The first line of that file - parsed as:
[u'chr3R', u'FlyBase', u'gene', u'722370', u'722621', u'.', u'-', u'.', u'gene_id "FBgn0085804"; gene_name "CR41571"; gene_source "FlyBase"; gene_biotype "pseudogene";']
does not have a transcript_id so Galaxy does not sniff it as a gtf - https://github.com/galaxyproject/galaxy/blob/dev/lib/galaxy/datatypes/interval.py#L1059.
http://genome.ucsc.edu/FAQ/FAQformat#format4
The attribute list must begin with the two mandatory attributes:
gene_id value - A globally unique identifier for the genomic source of the sequence. transcript_id value - A globally unique identifier for the predicted transcript.
Rats. @mblue9 what do you think?
All these custom formats for GFF/GFF2/GTF/GFF3 are ... problematic
These data look like GFF3 that was modified to be in GTF format, but only some lines actually meet with the spec for GTF. Data also includes headers that do not fit GTF (should be none) or GFF3 (which wouldn't fit the content).
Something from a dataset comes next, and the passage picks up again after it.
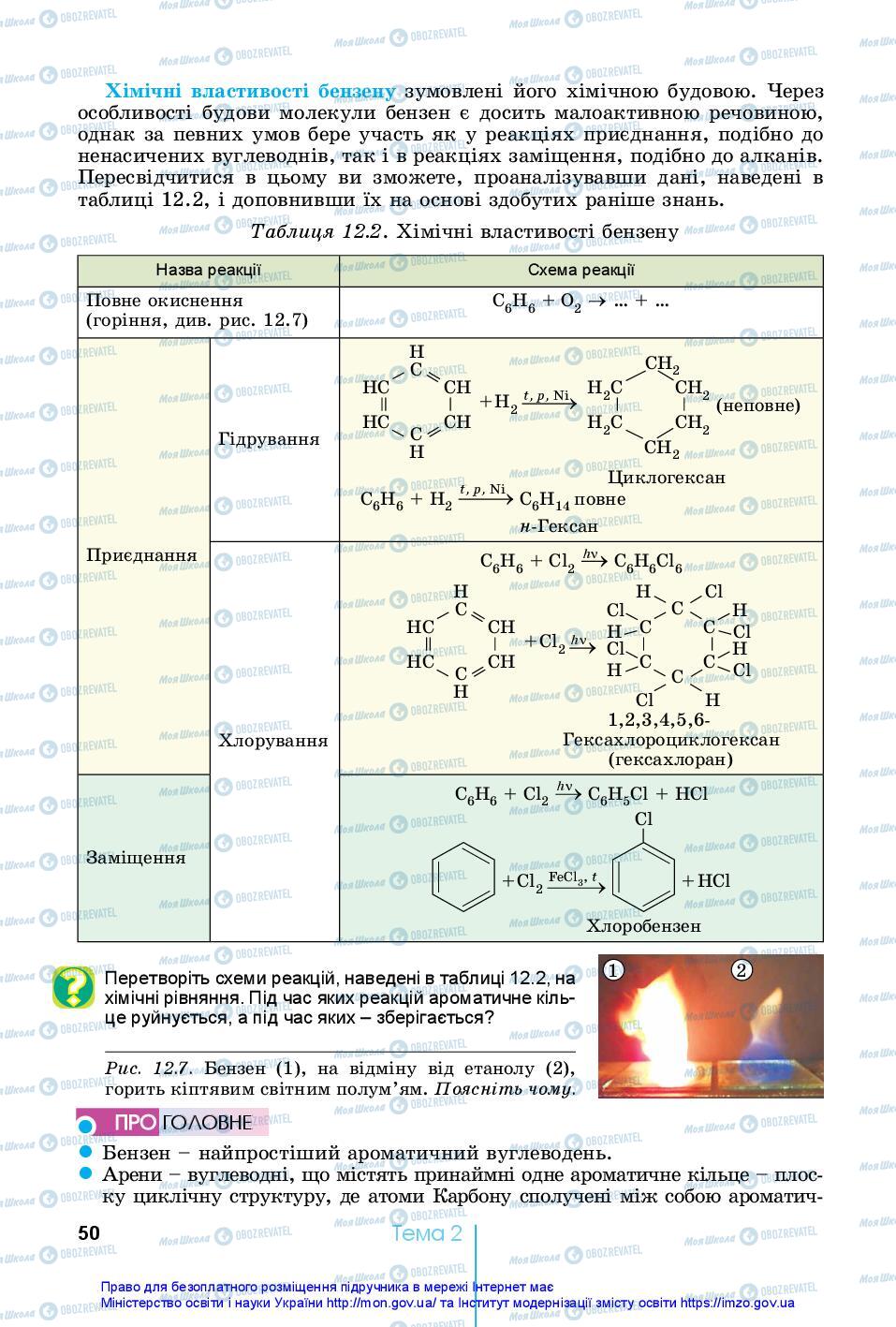 Підручники Хімія 10 клас сторінка 50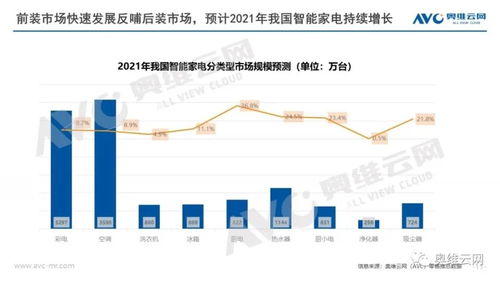 智能家居产业中有没有比较好的企业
Loaded both into the history here: https://usegalaxy.org:/u/jen/h/test-gtf-downloads
What tools actually require can vary. Content and format both factors. We need to figure out a way to handle these somehow. Avoid the wrong datatype for format reasons (unexpected headers) and base it just on content. Then tools need to know how to handle that input based on content/datatype (ignore headers or we strip them out ourselves at Upload).
Or we just keep on defaulting back to a generic GFF and have users clean up the data. Which users have problems with. I don't know the right path for this data source. Some tools will work with it fine, some will not.